• **Directions for this task**: From the entries below, retype only the lines from the one with "A panoramic aerial" through the one with "一位女補習班老師正在教小學生。 135432395", exactly as written.

• **Data listing**:
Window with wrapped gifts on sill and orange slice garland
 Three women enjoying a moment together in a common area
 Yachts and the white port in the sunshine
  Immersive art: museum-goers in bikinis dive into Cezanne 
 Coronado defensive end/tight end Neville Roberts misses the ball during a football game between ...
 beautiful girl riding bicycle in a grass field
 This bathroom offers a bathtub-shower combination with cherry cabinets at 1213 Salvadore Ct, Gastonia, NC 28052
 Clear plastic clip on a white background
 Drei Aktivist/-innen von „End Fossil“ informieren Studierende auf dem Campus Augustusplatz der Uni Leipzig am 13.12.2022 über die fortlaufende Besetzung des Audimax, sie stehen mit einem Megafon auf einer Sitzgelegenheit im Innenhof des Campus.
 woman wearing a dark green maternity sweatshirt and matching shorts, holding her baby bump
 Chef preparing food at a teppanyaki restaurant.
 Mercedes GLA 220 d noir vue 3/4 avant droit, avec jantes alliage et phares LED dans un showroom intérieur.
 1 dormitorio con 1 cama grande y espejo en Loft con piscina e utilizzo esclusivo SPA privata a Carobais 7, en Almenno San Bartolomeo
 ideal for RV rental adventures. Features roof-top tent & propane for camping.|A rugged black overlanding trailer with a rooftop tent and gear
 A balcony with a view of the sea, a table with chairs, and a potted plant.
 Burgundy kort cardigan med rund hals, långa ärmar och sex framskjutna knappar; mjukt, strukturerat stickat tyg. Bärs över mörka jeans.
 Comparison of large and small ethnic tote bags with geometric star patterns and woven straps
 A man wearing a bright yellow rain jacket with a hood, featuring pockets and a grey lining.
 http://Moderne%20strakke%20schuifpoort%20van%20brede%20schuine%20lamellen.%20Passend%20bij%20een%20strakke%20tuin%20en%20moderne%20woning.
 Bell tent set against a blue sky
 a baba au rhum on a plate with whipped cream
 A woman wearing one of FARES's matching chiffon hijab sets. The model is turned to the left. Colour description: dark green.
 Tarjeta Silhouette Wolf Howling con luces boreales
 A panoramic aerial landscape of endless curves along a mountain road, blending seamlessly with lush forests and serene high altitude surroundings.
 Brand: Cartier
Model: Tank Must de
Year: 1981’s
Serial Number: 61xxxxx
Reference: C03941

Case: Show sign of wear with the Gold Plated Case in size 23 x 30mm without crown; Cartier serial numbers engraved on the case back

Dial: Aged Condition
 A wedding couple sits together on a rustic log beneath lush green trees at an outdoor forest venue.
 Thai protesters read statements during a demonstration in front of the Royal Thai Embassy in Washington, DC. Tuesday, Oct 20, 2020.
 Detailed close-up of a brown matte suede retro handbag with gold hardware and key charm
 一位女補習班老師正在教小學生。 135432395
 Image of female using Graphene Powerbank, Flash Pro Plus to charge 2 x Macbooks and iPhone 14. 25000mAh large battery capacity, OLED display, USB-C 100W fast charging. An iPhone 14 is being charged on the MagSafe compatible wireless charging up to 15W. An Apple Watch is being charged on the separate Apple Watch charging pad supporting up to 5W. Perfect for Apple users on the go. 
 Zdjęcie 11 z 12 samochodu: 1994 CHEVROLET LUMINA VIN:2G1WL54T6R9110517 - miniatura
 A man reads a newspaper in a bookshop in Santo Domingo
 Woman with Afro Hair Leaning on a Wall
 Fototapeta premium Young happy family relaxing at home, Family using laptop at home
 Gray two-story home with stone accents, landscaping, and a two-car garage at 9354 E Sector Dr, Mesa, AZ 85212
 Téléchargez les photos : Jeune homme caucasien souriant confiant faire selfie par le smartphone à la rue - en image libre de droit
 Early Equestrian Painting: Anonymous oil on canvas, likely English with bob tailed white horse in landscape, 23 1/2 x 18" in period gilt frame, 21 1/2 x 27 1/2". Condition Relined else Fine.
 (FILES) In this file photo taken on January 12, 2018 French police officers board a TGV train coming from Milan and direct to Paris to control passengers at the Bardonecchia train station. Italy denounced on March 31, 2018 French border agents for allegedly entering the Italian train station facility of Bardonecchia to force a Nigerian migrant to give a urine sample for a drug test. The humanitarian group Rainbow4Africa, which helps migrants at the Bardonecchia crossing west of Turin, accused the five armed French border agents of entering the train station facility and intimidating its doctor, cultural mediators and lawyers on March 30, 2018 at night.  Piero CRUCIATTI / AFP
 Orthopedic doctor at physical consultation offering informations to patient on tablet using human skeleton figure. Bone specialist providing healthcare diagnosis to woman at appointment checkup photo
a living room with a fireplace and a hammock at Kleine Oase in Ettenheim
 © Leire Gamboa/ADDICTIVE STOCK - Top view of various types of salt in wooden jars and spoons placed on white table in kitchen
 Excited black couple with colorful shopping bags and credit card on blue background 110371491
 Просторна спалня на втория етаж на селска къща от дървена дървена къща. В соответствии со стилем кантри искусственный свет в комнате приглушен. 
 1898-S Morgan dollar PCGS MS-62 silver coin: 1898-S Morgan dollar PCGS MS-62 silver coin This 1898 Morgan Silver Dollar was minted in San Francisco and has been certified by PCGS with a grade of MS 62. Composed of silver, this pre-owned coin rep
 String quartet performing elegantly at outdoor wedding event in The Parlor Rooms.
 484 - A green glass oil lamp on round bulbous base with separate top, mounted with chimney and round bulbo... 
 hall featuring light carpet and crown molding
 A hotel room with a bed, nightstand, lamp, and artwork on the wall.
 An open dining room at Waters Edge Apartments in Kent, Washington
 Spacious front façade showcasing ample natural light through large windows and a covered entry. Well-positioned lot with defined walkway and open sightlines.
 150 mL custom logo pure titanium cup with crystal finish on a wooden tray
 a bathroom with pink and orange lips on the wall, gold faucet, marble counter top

• **Finished exercise**:
 A panoramic aerial landscape of endless curves along a mountain road, blending seamlessly with lush forests and serene high altitude surroundings.
 Brand: Cartier
Model: Tank Must de
Year: 1981’s
Serial Number: 61xxxxx
Reference: C03941

Case: Show sign of wear with the Gold Plated Case in size 23 x 30mm without crown; Cartier serial numbers engraved on the case back

Dial: Aged Condition
 A wedding couple sits together on a rustic log beneath lush green trees at an outdoor forest venue.
 Thai protesters read statements during a demonstration in front of the Royal Thai Embassy in Washington, DC. Tuesday, Oct 20, 2020.
 Detailed close-up of a brown matte suede retro handbag with gold hardware and key charm
 一位女補習班老師正在教小學生。 135432395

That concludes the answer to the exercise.